US to raise oil, gas valuations it deems too low
OREANDA-NEWS. July 01, 2016. The US Interior Department has revised a decades-old policy so it will have the ability to adjust royalty valuations of oil and natural gas developed on federal lands it believes are "unreasonably low."
The regulatory changes, released today, are intended to prevent companies from selling oil and natural gas at discounted prices in an attempt to reduce royalty payments to the federal government or tribes. Interior will have the ability to adjust a company's oil and gas valuations if they are 10pc below a reasonable market prices for similar quality gas in nearby locations.
Oil and gas companies have opposed the changes, which Interior proposed early last year. Three top lobbying groups for oil and gas producers complained the policy would let Interior "second-guess" royalty valuations and remove certainty in royalty valuation practices that have been in place since 1988.

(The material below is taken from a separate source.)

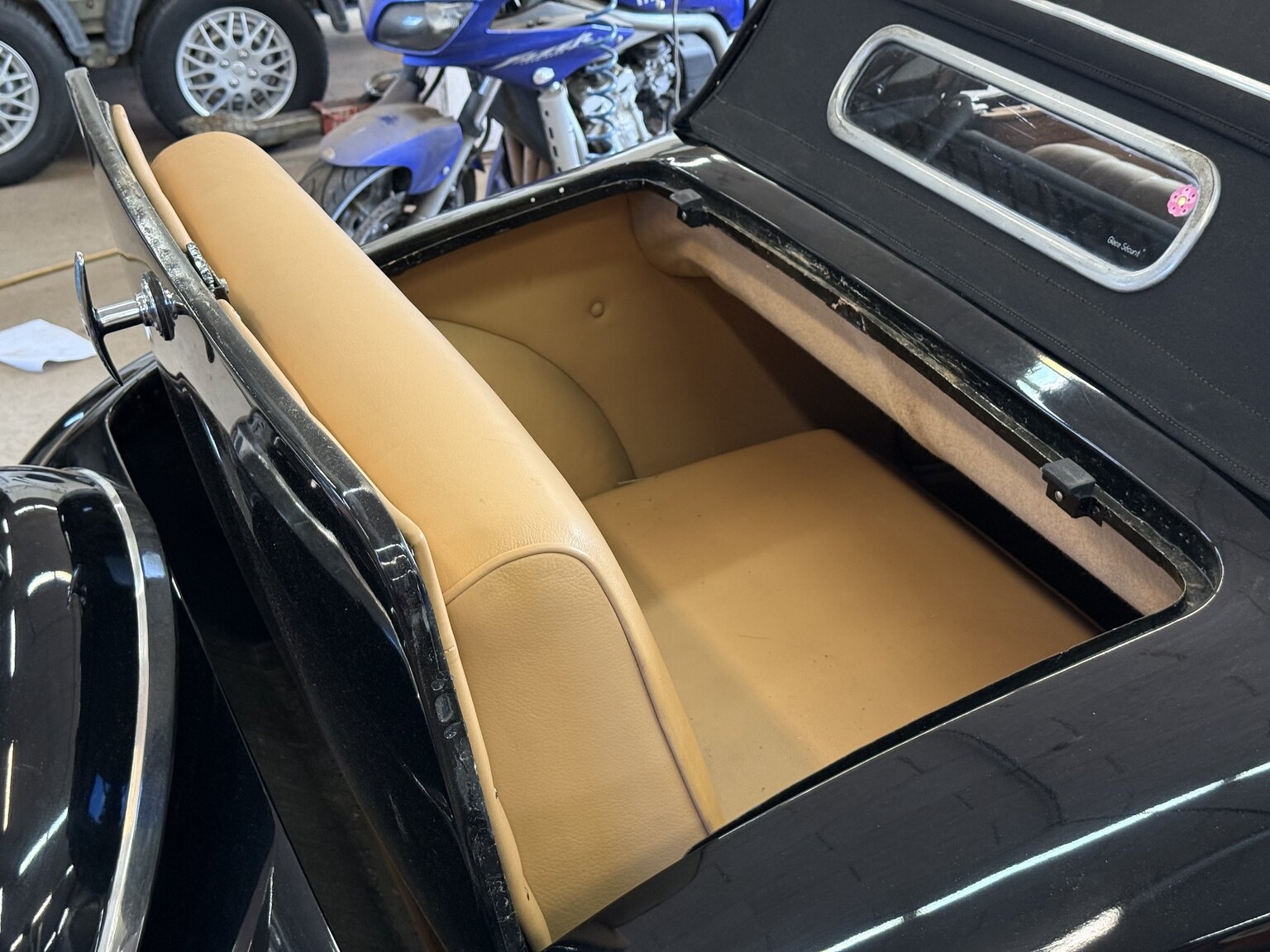Interiörbild 1939 Citroën Berline 11 Sport Convertible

The rule would give Interior "essentially unreviewable discretion to establish the royalty value on a case-by-case basis," the American Petroleum Institute, the Independent Petroleum Association of America and the National Ocean Industries Association said in comments on the rule last year.
Those groups did not have an immediate reaction to the final regulation.

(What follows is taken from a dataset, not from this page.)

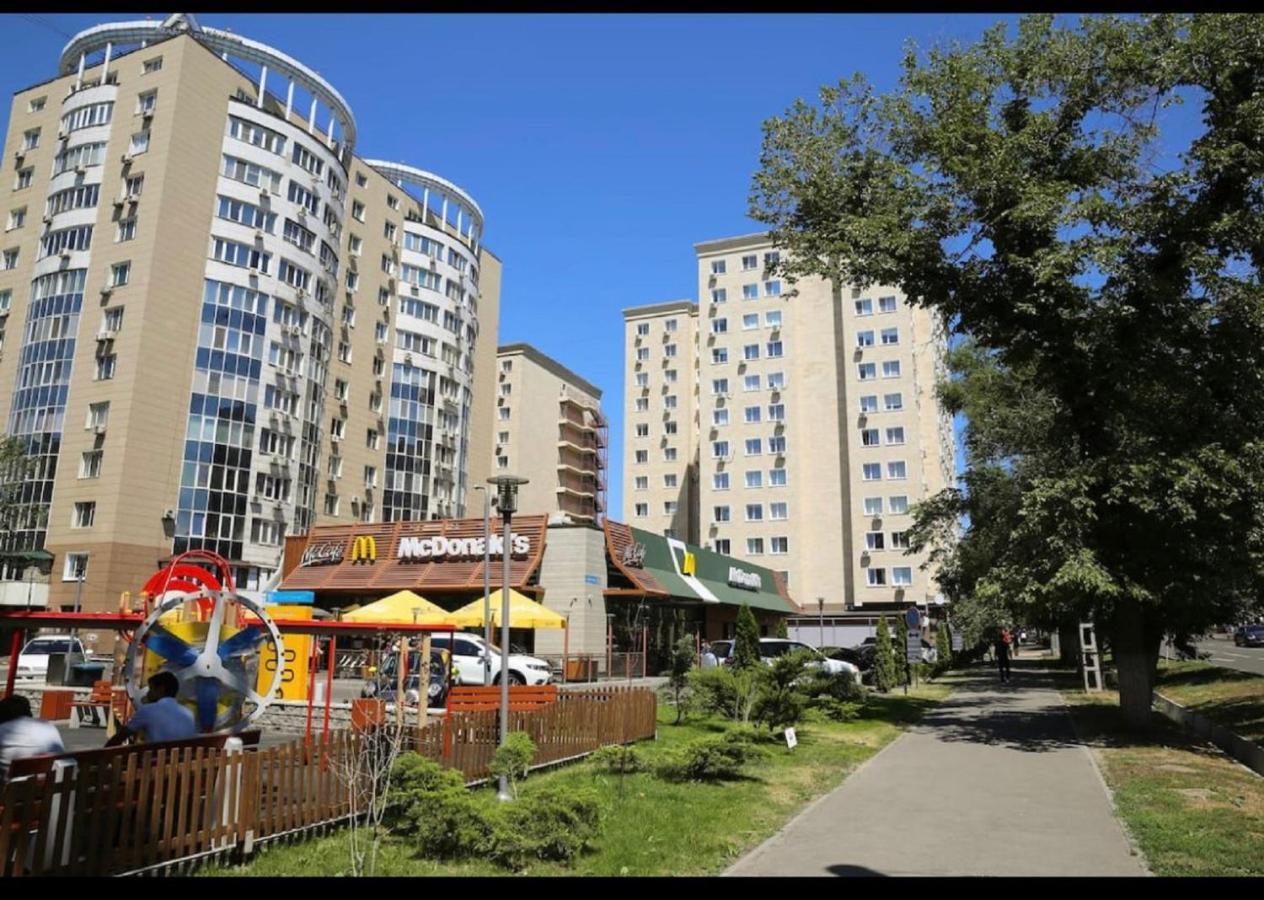 Студия В Стиле Loft В Центре Города Almatî Exterior foto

Industry trade group the Western Energy Alliance said the regulations would hurt oil and gas producers by removing an earlier policy that let them claim royalty deductions for business-related expenses. The group's government affairs director Kathleen Sgamma said the loss of those deduction rule could make "significant amounts" of gas development on federal lands uneconomic.

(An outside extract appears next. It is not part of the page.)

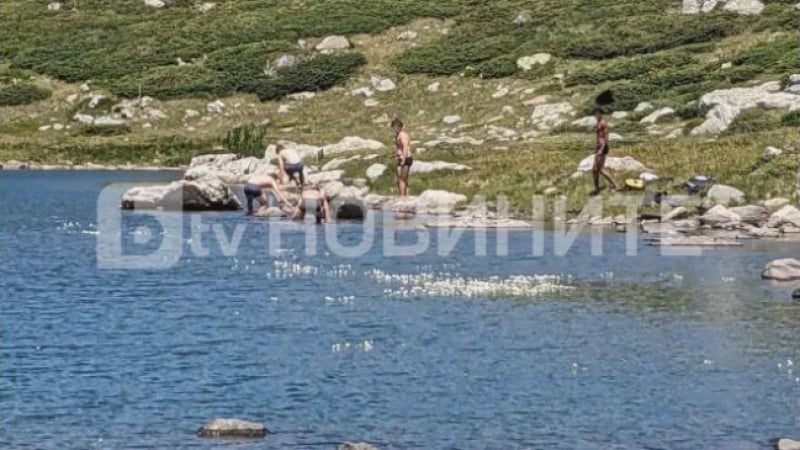 Група туристи влезе и се изкъпа в едно от Седемте рилски езера СНИМКИ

The regulations maintain a policy of setting oil and gas royalties based on the first "arm's-length" contract between non-affiliated companies. Interior also plans to offer an index-based option for royalty valuation of natural gas and NGLs, in which a gas producer could use an index price in a publication that has been approved by Interior.
Interior secretary Sally Jewel said the new royalty policy was "long overdue and urgently needed." The regulations will create a simpler market-oriented process that ensures US taxpayers will receive the royalties they are owed, Jewell said today.
The regulations will take effect on 1 January 2017. Interior estimates the regulations will increase oil and gas royalty collections by \\$73-84mn, equivalent to less than 1pc of the \\$8.1bn in oil and gas royalties collected in fiscal year 2015. The agency projects that industry's administrative costs will decline by \\$3.6mn because of the rule.